Under the Bush-Cheney "doctrine of pre-emption," StratCom has been empowered to launch a first-strike attack against any perceived threat to America's national security anywhere on Earth within two hours.
Following the same drill used on Iraq over its alleged stockpiles of WMD, this new White House/StratCom policy is a high-tech version of "shoot first and ask questions later." And neither a dithering Congress nor international rule of law will be permitted to stand in the way.
But the mission of this newly retooled StratCom extends far beyond this vigilante role. In its titanic struggle with the forces of international terrorism, the Bush-Cheney administration has seen fit to equip StratCom with powers worthy of George Orwell's Big Brother in "Nineteen Eighty-Four."
The "warrantless wiretaps" on American citizens are still regularly conducted by the National Security Agency - a "component command" of StratCom under the command's C-4ISR mission. The decision to begin this domestic spying operation was made by Gen. Michael Hayden, the former head of the NSA and now the director of the CIA.
More spying on civilians of every nation takes place under the aegis of StratCom's Space Command, based in Colorado Springs, Colo.
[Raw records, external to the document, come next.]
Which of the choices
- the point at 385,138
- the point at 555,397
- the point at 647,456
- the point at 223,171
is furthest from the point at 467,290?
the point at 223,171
With its international network of "listening stations," the Space Command's satellite surveillance system keeps a close worldwide eye on anything deemed suspicious and shady.
This StratCom-generated information is of course fed right back into StratCom for processing and analysis to determine whether some preemptive military action, to be executed by StratCom, is in turn warranted. It's a closed circle that leaves precious little room for oversight by democratic institutions, and it's creepy to the core.
Ordinarily, given StratCom's historic mission, it's hard to imagine anything more sinister than being the agent of nuclear holocaust. But impossible as it sounds, the threat StratCom now poses is graver than ever before.
It not only continues to hold the fate of the Earth in its hands but also is positioned to traverse the globe on "search and destroy" missions to "protect" America's interests. It can spy into the private lives of anyone on the face of the planet. And it is assiduously pursuing a strategy for the total domination of space because, as anyone attending those Strategic Space and Defense conferences can tell you, whoever controls space controls the Earth.
StratCom's long-range plans call for securing space exclusively for the United States and its approved allies. This strategic goal of planetary dominance is already fixed and will go on regardless of which party controls Congress or whether a Democrat or a Republican occupies the Oval Office.
StratCom is fast becoming a law unto itself. And if unchecked, that spells doom for an open society and our democratic way of life.